The confidence indicates how many replays I had to train that particular classifier. Basically, the more replays I used to train, the more likely it is to be correct.
Positive similarities indicate well, good similarity.
A value of 1 means that the classifier thinks the keystrokes are pretty damn similar.
A value of -1 means that the keystrokes are pretty damn different.
Just to let you know that these features need some work, here is a bad example.
Apparently, the machine thinks the player is very similar to David. However, the player is none other than Jaedong. In its defense, maybe if we had trained a Jaedong classifier, we'd get a Jaedong similarity score of 2 or something which would beat out David's.
I took a look at the replay, and there are some obvious difference between Jaedong and David that the 212 dimensions do not yet capture. That will be work for tomorrow.
Because I have very few replays of progamers, if you give me a progamer replay, the machine may try to fit the player as a foreigner and give strange predictions. However, we would still be able to observe how close the player's signature is compared to the foreigners, even though the player may not be one.
EDIT: I'm adding some interesting things I've found.
Interesting Things
* Some keystrokes are habitual and consistent for a player, even if the player does not know about them.
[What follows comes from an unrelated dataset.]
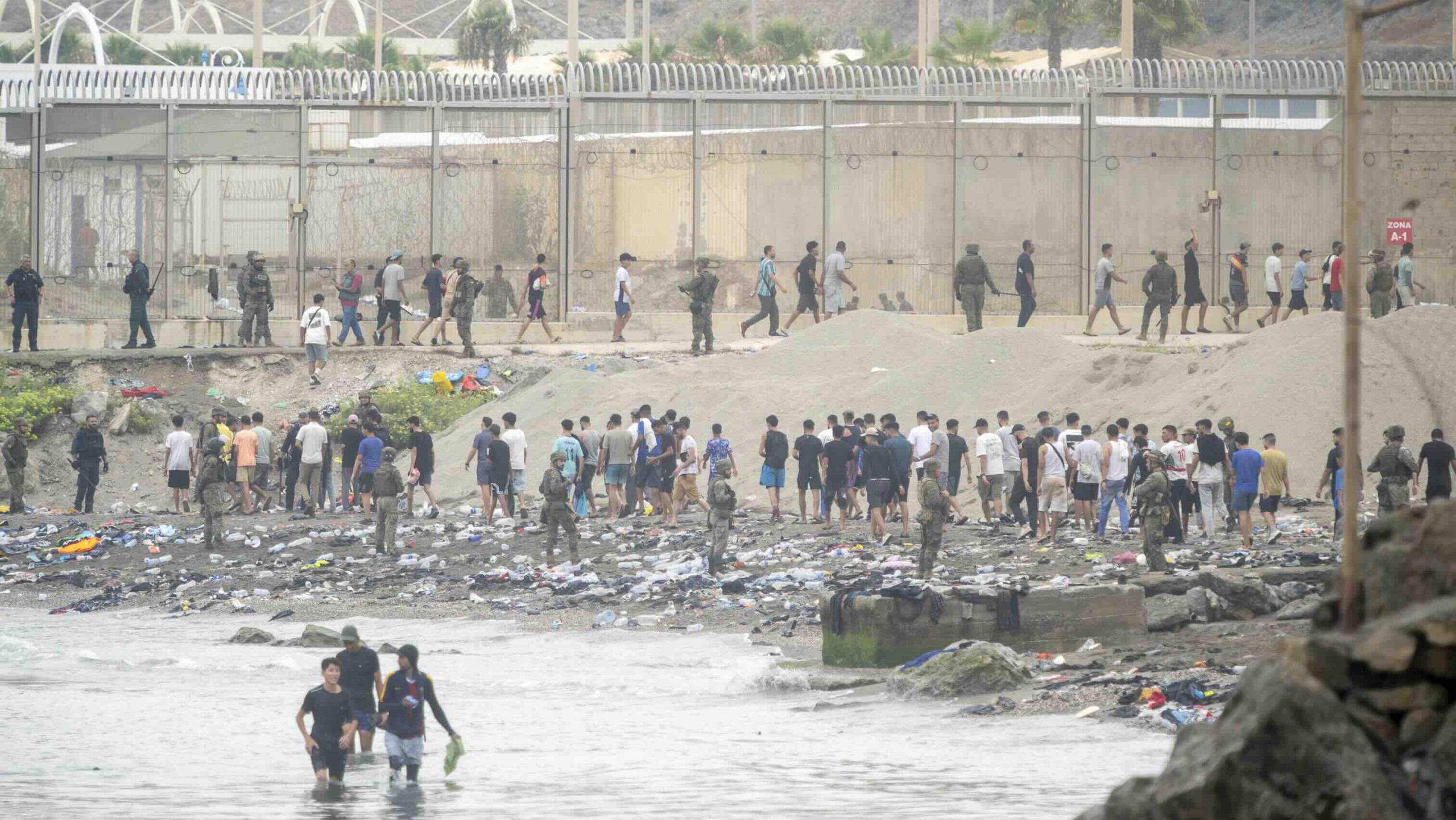 Am 31. Juli 2026 überquerten zehntausende Menschen aus Marokko die Grenze in der spanischen Exklave Ceuta (Foto: Marcos Moreno / Anadolu / Picture Alliance)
* Analyzing the entire replay is often worse than just looking at the first 10 minutes or so. Right now, I've capped the replay analysis to 9 minutes. I've filtered out replays that were too short (I think right now I only admit replays over 4 minutes long).
* APM is factored into the algorithm, but I don't really know how useful it is. It's pretty consistent for a player, so I suppose it helps. There are two dimensions for it -- one is the APM average for the first minute, the second is the average for the entire game. I figured that the first-minute average is very unlikely to change regardless of the opponent.
* I do an initial screen based on matchup. For example, if I get a replay that is ZvP, I won't be asking the machine to identify whether Nada played it (unless I trained some examples of Nada playing Zerg).
* Machine's ZvP keystrokes seem to be radically different from all the other players I've seen. Whenever I test Player X's replay, where X is not Machine, Machine consistently ranks last in similarity.
EDIT 2: I'm wondering if I should make this blog day-by-day and have a new entry every time or just keep updating this one. Okay. This entry is getting too long. I will update on new ones from now on.